> Work item: The data should be printed in full, character for character.

[Short text fragments from websites]
____

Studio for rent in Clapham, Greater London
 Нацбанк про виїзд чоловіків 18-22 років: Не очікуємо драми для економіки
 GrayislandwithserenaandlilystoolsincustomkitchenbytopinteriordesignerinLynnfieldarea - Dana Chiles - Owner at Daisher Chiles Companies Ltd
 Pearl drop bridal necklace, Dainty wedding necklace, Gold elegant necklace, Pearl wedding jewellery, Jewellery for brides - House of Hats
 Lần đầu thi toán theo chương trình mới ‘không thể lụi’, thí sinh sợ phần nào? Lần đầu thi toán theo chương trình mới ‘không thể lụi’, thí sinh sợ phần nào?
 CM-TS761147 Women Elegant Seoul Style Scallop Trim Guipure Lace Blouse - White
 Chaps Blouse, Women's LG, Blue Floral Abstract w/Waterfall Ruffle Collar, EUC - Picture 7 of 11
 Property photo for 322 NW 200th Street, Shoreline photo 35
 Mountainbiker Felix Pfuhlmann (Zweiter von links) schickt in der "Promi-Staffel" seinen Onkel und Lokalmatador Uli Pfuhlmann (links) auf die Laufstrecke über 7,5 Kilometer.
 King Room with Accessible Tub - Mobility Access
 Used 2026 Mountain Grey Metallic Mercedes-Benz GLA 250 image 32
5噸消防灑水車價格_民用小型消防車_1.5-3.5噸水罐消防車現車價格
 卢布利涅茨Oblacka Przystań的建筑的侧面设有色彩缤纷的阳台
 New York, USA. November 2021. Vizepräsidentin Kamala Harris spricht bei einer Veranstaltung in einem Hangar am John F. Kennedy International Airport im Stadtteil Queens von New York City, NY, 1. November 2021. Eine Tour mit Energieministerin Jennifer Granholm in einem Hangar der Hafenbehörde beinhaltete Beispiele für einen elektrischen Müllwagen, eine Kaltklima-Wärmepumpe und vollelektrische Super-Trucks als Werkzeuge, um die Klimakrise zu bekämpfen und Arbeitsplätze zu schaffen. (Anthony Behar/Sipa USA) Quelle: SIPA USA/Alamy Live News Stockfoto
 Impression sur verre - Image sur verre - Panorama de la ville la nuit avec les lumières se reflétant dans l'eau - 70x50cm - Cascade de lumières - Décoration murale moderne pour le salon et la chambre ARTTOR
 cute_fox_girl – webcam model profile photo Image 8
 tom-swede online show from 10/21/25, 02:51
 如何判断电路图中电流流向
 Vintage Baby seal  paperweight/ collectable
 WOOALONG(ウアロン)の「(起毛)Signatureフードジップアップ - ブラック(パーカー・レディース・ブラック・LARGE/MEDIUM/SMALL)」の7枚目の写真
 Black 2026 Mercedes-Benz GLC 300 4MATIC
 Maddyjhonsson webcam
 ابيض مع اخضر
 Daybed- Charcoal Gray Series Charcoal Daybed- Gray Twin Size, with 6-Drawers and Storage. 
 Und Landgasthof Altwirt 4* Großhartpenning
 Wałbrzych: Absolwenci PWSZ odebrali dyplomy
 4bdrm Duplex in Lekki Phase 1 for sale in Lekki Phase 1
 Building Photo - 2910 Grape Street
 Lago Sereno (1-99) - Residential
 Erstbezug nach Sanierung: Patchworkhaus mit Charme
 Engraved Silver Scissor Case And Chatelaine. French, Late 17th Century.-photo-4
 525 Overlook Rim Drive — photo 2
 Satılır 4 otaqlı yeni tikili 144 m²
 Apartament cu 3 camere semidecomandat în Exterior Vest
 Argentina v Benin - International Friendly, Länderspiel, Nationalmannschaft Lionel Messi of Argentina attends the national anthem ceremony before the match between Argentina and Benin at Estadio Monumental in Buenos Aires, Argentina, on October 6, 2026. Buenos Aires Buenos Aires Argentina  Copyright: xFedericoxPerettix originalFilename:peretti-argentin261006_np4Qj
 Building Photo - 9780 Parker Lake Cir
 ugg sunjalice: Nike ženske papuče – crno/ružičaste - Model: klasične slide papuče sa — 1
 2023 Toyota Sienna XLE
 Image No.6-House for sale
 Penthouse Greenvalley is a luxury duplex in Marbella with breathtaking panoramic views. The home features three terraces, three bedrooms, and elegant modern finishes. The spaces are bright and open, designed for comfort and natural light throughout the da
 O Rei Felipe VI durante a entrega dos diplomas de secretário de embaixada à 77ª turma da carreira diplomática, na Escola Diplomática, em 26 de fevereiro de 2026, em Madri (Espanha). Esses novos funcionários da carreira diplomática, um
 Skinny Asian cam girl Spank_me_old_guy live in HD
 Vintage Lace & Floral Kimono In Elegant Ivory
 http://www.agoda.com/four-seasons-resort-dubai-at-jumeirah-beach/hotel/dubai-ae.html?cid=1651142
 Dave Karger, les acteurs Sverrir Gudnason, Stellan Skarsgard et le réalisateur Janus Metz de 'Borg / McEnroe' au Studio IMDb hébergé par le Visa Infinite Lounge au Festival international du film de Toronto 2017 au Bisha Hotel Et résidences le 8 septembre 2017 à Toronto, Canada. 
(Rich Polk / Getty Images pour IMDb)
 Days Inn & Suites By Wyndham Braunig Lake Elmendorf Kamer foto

____

> Completed exercise:
Studio for rent in Clapham, Greater London
 Нацбанк про виїзд чоловіків 18-22 років: Не очікуємо драми для економіки
 GrayislandwithserenaandlilystoolsincustomkitchenbytopinteriordesignerinLynnfieldarea - Dana Chiles - Owner at Daisher Chiles Companies Ltd
 Pearl drop bridal necklace, Dainty wedding necklace, Gold elegant necklace, Pearl wedding jewellery, Jewellery for brides - House of Hats
 Lần đầu thi toán theo chương trình mới ‘không thể lụi’, thí sinh sợ phần nào? Lần đầu thi toán theo chương trình mới ‘không thể lụi’, thí sinh sợ phần nào?
 CM-TS761147 Women Elegant Seoul Style Scallop Trim Guipure Lace Blouse - White
 Chaps Blouse, Women's LG, Blue Floral Abstract w/Waterfall Ruffle Collar, EUC - Picture 7 of 11
 Property photo for 322 NW 200th Street, Shoreline photo 35
 Mountainbiker Felix Pfuhlmann (Zweiter von links) schickt in der "Promi-Staffel" seinen Onkel und Lokalmatador Uli Pfuhlmann (links) auf die Laufstrecke über 7,5 Kilometer.
 King Room with Accessible Tub - Mobility Access
 Used 2026 Mountain Grey Metallic Mercedes-Benz GLA 250 image 32
5噸消防灑水車價格_民用小型消防車_1.5-3.5噸水罐消防車現車價格
 卢布利涅茨Oblacka Przystań的建筑的侧面设有色彩缤纷的阳台
 New York, USA. November 2021. Vizepräsidentin Kamala Harris spricht bei einer Veranstaltung in einem Hangar am John F. Kennedy International Airport im Stadtteil Queens von New York City, NY, 1. November 2021. Eine Tour mit Energieministerin Jennifer Granholm in einem Hangar der Hafenbehörde beinhaltete Beispiele für einen elektrischen Müllwagen, eine Kaltklima-Wärmepumpe und vollelektrische Super-Trucks als Werkzeuge, um die Klimakrise zu bekämpfen und Arbeitsplätze zu schaffen. (Anthony Behar/Sipa USA) Quelle: SIPA USA/Alamy Live News Stockfoto
 Impression sur verre - Image sur verre - Panorama de la ville la nuit avec les lumières se reflétant dans l'eau - 70x50cm - Cascade de lumières - Décoration murale moderne pour le salon et la chambre ARTTOR
 cute_fox_girl – webcam model profile photo Image 8
 tom-swede online show from 10/21/25, 02:51
 如何判断电路图中电流流向
 Vintage Baby seal  paperweight/ collectable
 WOOALONG(ウアロン)の「(起毛)Signatureフードジップアップ - ブラック(パーカー・レディース・ブラック・LARGE/MEDIUM/SMALL)」の7枚目の写真
 Black 2026 Mercedes-Benz GLC 300 4MATIC
 Maddyjhonsson webcam
 ابيض مع اخضر
 Daybed- Charcoal Gray Series Charcoal Daybed- Gray Twin Size, with 6-Drawers and Storage. 
 Und Landgasthof Altwirt 4* Großhartpenning
 Wałbrzych: Absolwenci PWSZ odebrali dyplomy
 4bdrm Duplex in Lekki Phase 1 for sale in Lekki Phase 1
 Building Photo - 2910 Grape Street
 Lago Sereno (1-99) - Residential
 Erstbezug nach Sanierung: Patchworkhaus mit Charme
 Engraved Silver Scissor Case And Chatelaine. French, Late 17th Century.-photo-4
 525 Overlook Rim Drive — photo 2
 Satılır 4 otaqlı yeni tikili 144 m²
 Apartament cu 3 camere semidecomandat în Exterior Vest
 Argentina v Benin - International Friendly, Länderspiel, Nationalmannschaft Lionel Messi of Argentina attends the national anthem ceremony before the match between Argentina and Benin at Estadio Monumental in Buenos Aires, Argentina, on October 6, 2026. Buenos Aires Buenos Aires Argentina  Copyright: xFedericoxPerettix originalFilename:peretti-argentin261006_np4Qj
 Building Photo - 9780 Parker Lake Cir
 ugg sunjalice: Nike ženske papuče – crno/ružičaste - Model: klasične slide papuče sa — 1
 2023 Toyota Sienna XLE
 Image No.6-House for sale
 Penthouse Greenvalley is a luxury duplex in Marbella with breathtaking panoramic views. The home features three terraces, three bedrooms, and elegant modern finishes. The spaces are bright and open, designed for comfort and natural light throughout the da
 O Rei Felipe VI durante a entrega dos diplomas de secretário de embaixada à 77ª turma da carreira diplomática, na Escola Diplomática, em 26 de fevereiro de 2026, em Madri (Espanha). Esses novos funcionários da carreira diplomática, um
 Skinny Asian cam girl Spank_me_old_guy live in HD
 Vintage Lace & Floral Kimono In Elegant Ivory
 http://www.agoda.com/four-seasons-resort-dubai-at-jumeirah-beach/hotel/dubai-ae.html?cid=1651142
 Dave Karger, les acteurs Sverrir Gudnason, Stellan Skarsgard et le réalisateur Janus Metz de 'Borg / McEnroe' au Studio IMDb hébergé par le Visa Infinite Lounge au Festival international du film de Toronto 2017 au Bisha Hotel Et résidences le 8 septembre 2017 à Toronto, Canada. 
(Rich Polk / Getty Images pour IMDb)
 Days Inn & Suites By Wyndham Braunig Lake Elmendorf Kamer foto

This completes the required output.